Task directions >> Only the lines from the one with "白鹿开到荼蘼红裙掐腰路透白鹿王韵娜红裙女王造型啊啊啊啊，看到白鹿在电视剧《开到" through the end of the material are wanted, copied exactly and with the pictures left out.

The data >>
※ ※ ※

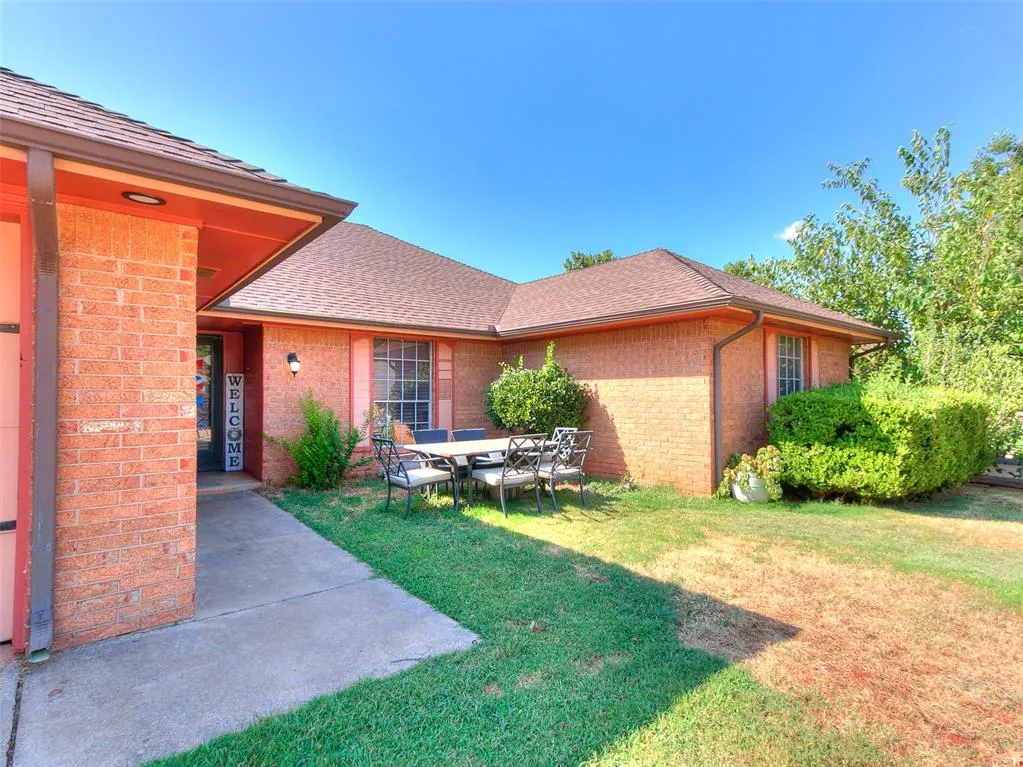 Photo 2 — 11064 Folkstone Drive, Yukon, OK 73099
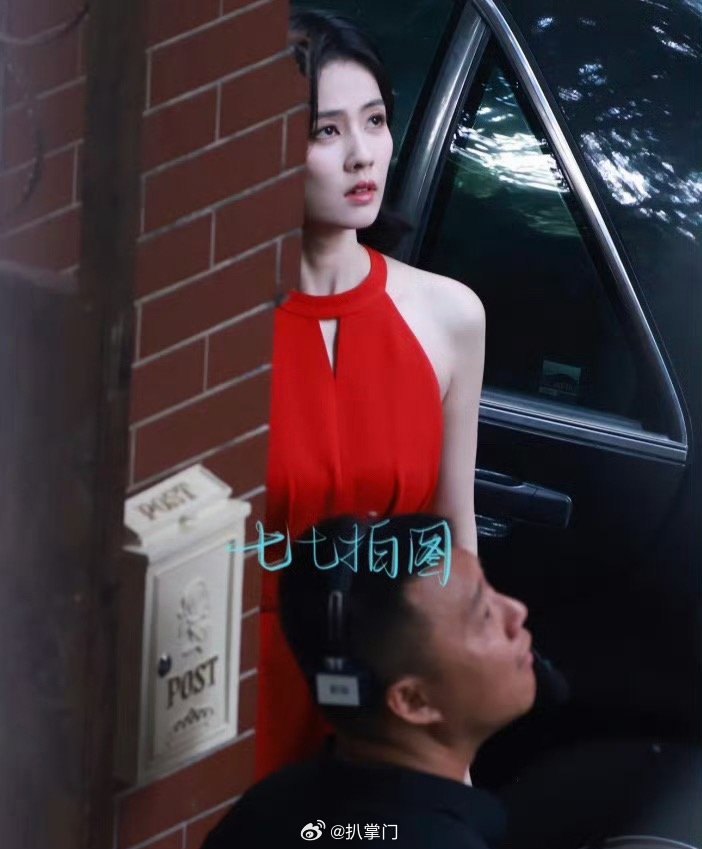 白鹿开到荼蘼红裙掐腰路透白鹿王韵娜红裙女王造型啊啊啊啊，看到白鹿在电视剧《开到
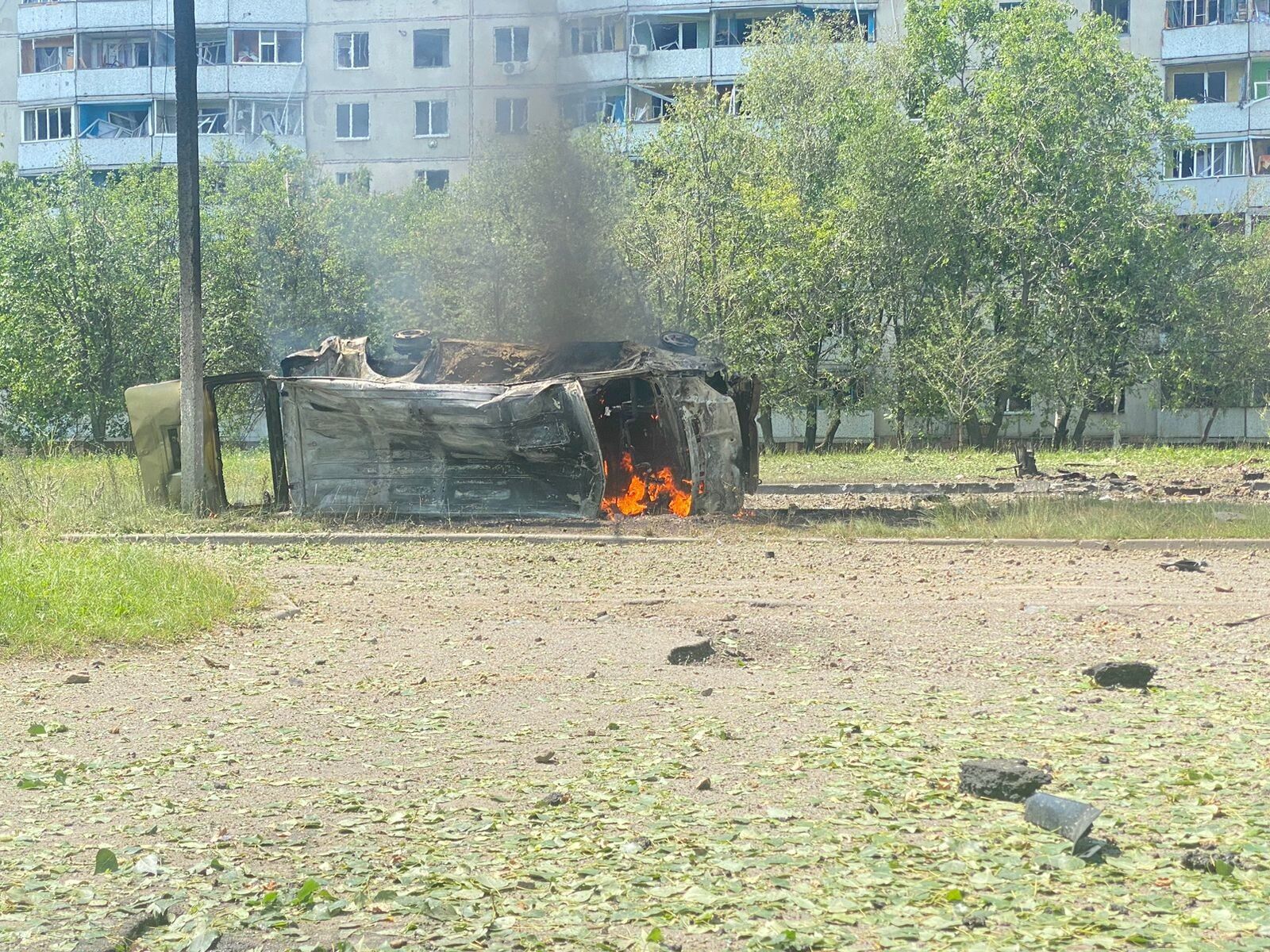 Оккупанты ударили по Первомайскому на Харьковщине, пострадали более 38 человек: из них 12 – дети. Фото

※ ※ ※

Reply >>
 白鹿开到荼蘼红裙掐腰路透白鹿王韵娜红裙女王造型啊啊啊啊，看到白鹿在电视剧《开到
 Оккупанты ударили по Первомайскому на Харьковщине, пострадали более 38 человек: из них 12 – дети. Фото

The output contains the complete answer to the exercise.